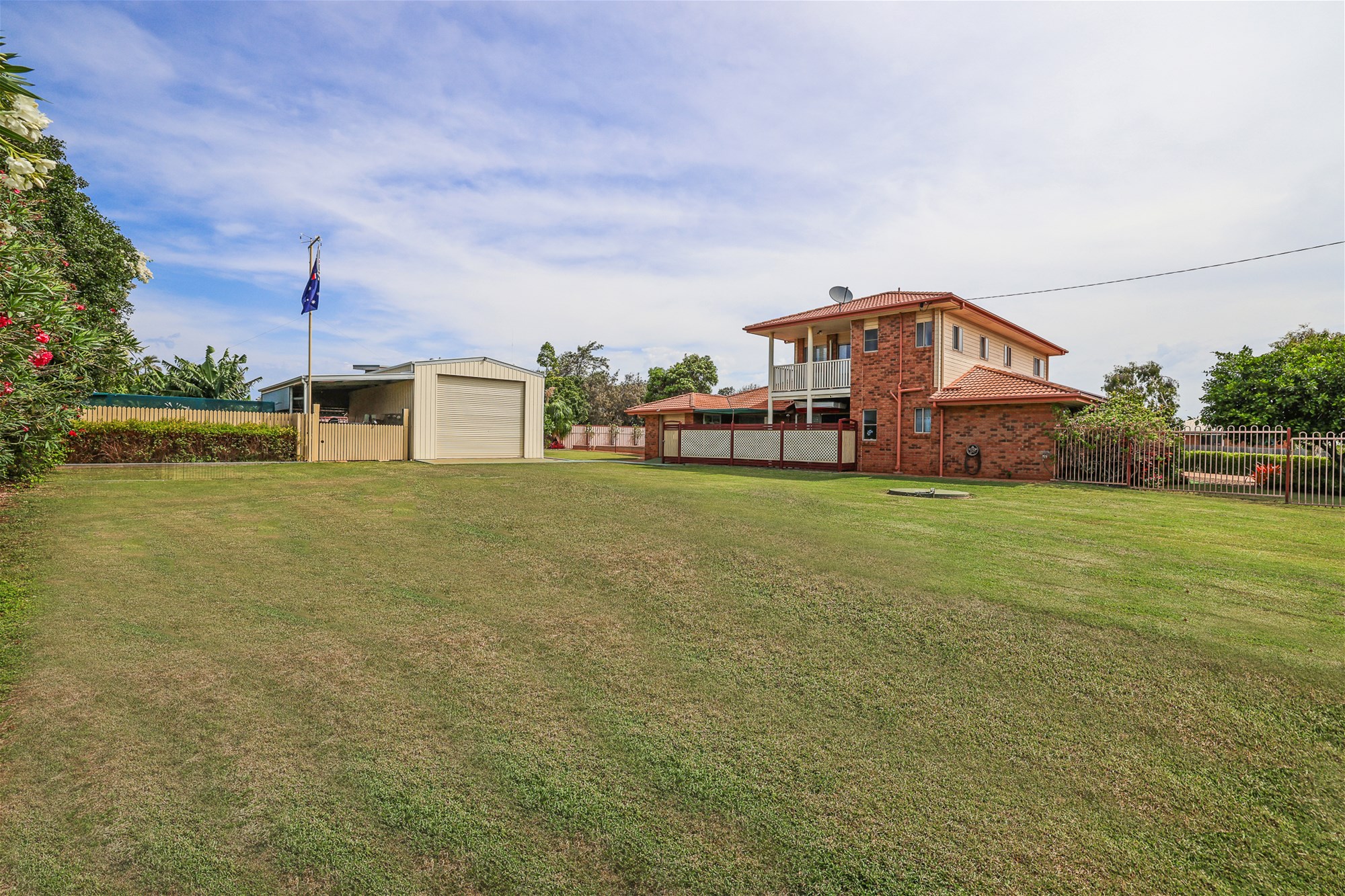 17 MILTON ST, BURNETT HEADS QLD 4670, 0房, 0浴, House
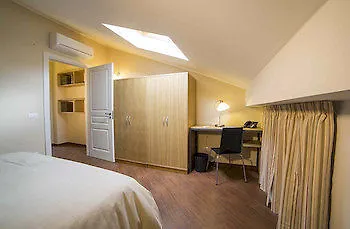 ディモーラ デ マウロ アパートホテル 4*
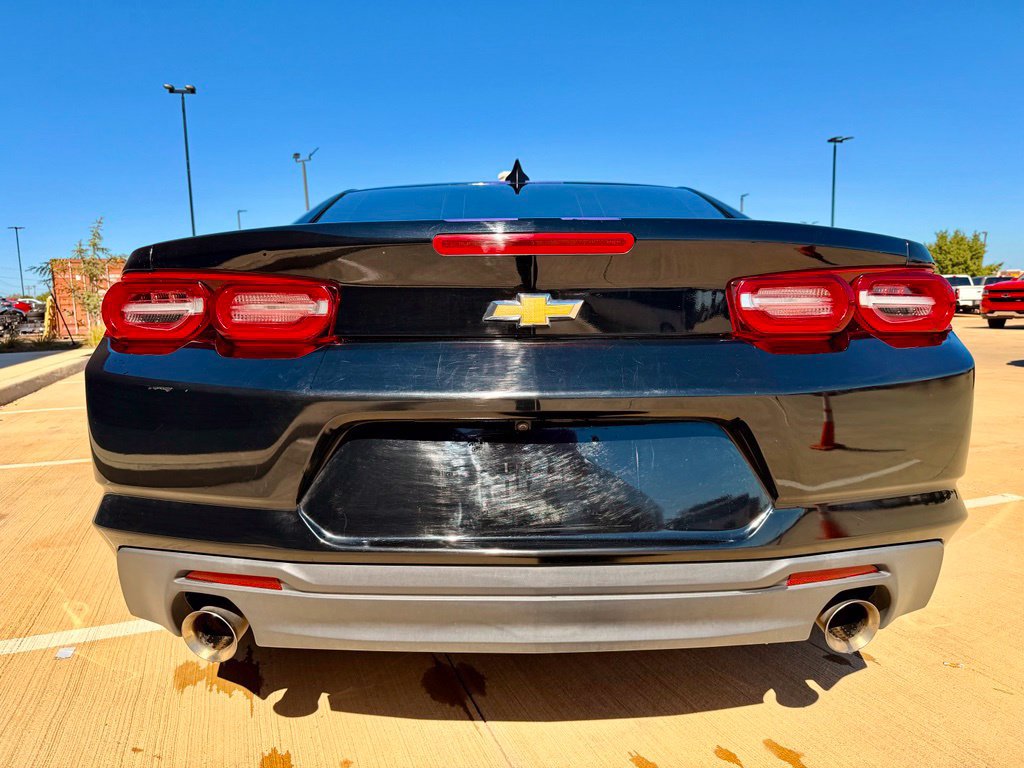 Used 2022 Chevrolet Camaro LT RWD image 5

-*-*-

An exact transcription of the listing is required, and it must contain no pictures.

 17 MILTON ST, BURNETT HEADS QLD 4670, 0房, 0浴, House
 ディモーラ デ マウロ アパートホテル 4*
 Used 2022 Chevrolet Camaro LT RWD image 5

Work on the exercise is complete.